Hmmmm, okay here goes...

1 - Clive Barker. I love Barker's work, The Great & Secret Show/Imajica/Weaveworld are among my favourite novels. I noticed a few in this thread had him in their list also, but not as many as I would have expected. Roll on Scarlet Gospels, need some new Barker in my life :)

2 - Dean Koontz. Face of Fear was the first full adult novel I ever read. He has such a catalogue to choose from too, granted some of the newer stuff is weaker (in my opinion) but still very, very good.

3 - J.R.R. Tolkien. Lord of the Rings is mind blowing the first time you read it. This effect may be dulled somewhat to newer readers, due to the films possibly.

4 - George R R Martin. A Song of Fire and Ice is epic, gripping and up there with LOTR in the Fantasy stakes for me. I am so so glad that I read the books before watching the TV series (for the same reason as I gave for LOTR above). I just wish he would hurry up and release Book 6. I may have to re-read 1-5 when we get closer to it landing.

5 - Frank Herbert. The DUNE saga has to be one of the best sci-fi series ever created. Really want to get back to reading these again.

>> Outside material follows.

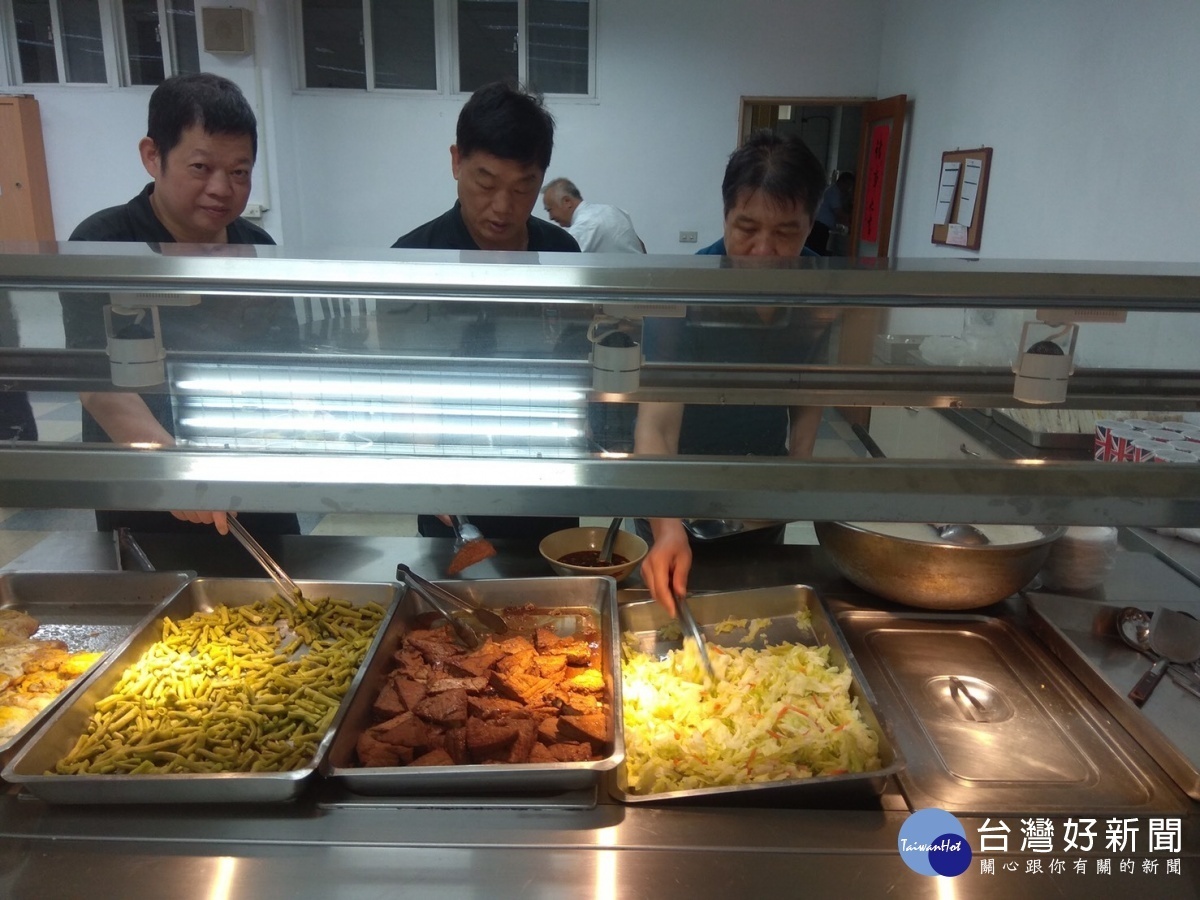 分局長李建民表示,透過團膳早餐的方式讓員警每日都可以吃到豐盛的餐點。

Honorable mention to Golding for Lord of the Flies, still one of my fave books of all time.
 

Grandpa

Well-Known Member
Mar 2, 2014
9,724
53,642
Colorado
I feel illiterate among you guys. As I've gotten older, and with the job that i have of going through thousands of words all...the...time, and with diminishing eyesight and glasses being uncomfortable, and finally with working a lot of hours and not having all that much "just sitting" free time, I've just gotten out of the habit of reading books except now and then I do, and I miss it. I do read lots of articles. Not the same, not at all.

Anyway.

1. John Steinbeck. I just haven't read anyone else where the vividness jumps off the page at me and grabs my eyeballs. His words explode, and like the best fireworks show, they don't diminish. They just keep coming. I like to write, and every time I read Steinbeck, I think, "[deleted][deleted] it all, I can never write like this."

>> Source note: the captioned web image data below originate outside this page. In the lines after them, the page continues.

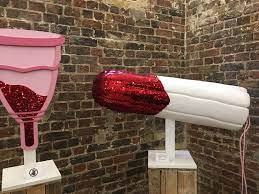 Du khách có thể tham quan miễn phí Vagina Museum, trừ những khi tổ chức buổi biểu diễn và sự kiện.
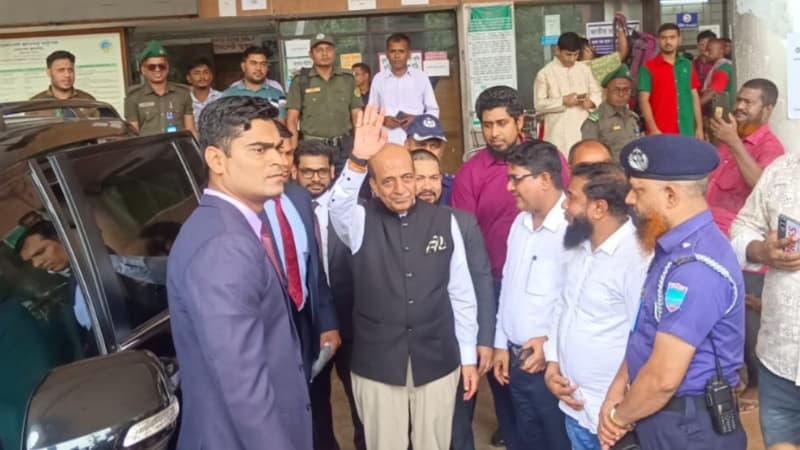 ভারত-বাংলাদেশের ১৬০ কোটি মানুষের সম্মিলিত শক্তি বিশ্বে বড় ভূমিকা রাখতে পারে : দীনেশ ত্রিবেদী
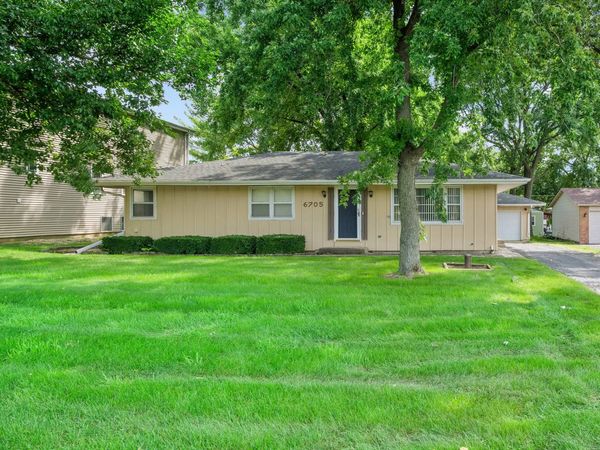 6705 Clarendon Hills Road , Darien, IL 60561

2. Mark Twain. Where Steinbeck crushes my hope, Twain rebuilds it. Not because I could ever write like him - I can't. But he said something to the effect, "The words of the great authors are like wine. My words are like water. But everyone drinks water." Yeah. I can leave the wine with Steinbeck, and maybe I can pump a little water.

3. Evan Hunter. As Ed McBain in his 87th Precinct books, and as himself with such things as Sons and Every Little Crook and Nanny, he gave me many, many hours of reading pleasure.

4. Dave Barry. He makes me laugh.

5. Maybe James Clavell or James Michener. They write in Epic, but if I get bored, I can skip some chapters and still not lose much. And I get a sense of place for the places they write about. Besides, Michener gives me hope because he was kinda old when he started getting published.
 

muskrat

Dis-Member
Nov 8, 2010
4,518
19,564
Under your bed
1. Raymond Chandler
2. Jack Kerouac
3. Earl Thompson (all but forgotten--check out Garden of Sand and it's two sequels; this is some gritty, trashy, seventies gold, cats).
4. Mary Shelley--OH, I've got the biggest crush on Godwin's wayward daughter.
5. This new kid Steve King. I think he'll go places.

Not to mention Robert E. Howard, Lovecraft, Anais Nin, William Burroughs, Hunter Thompson, Dan Simmons, Laurence Block, Nabokov, Lord Byron, crazy ol Anne Rice (the early stuff, anyhow) and about a thousand others.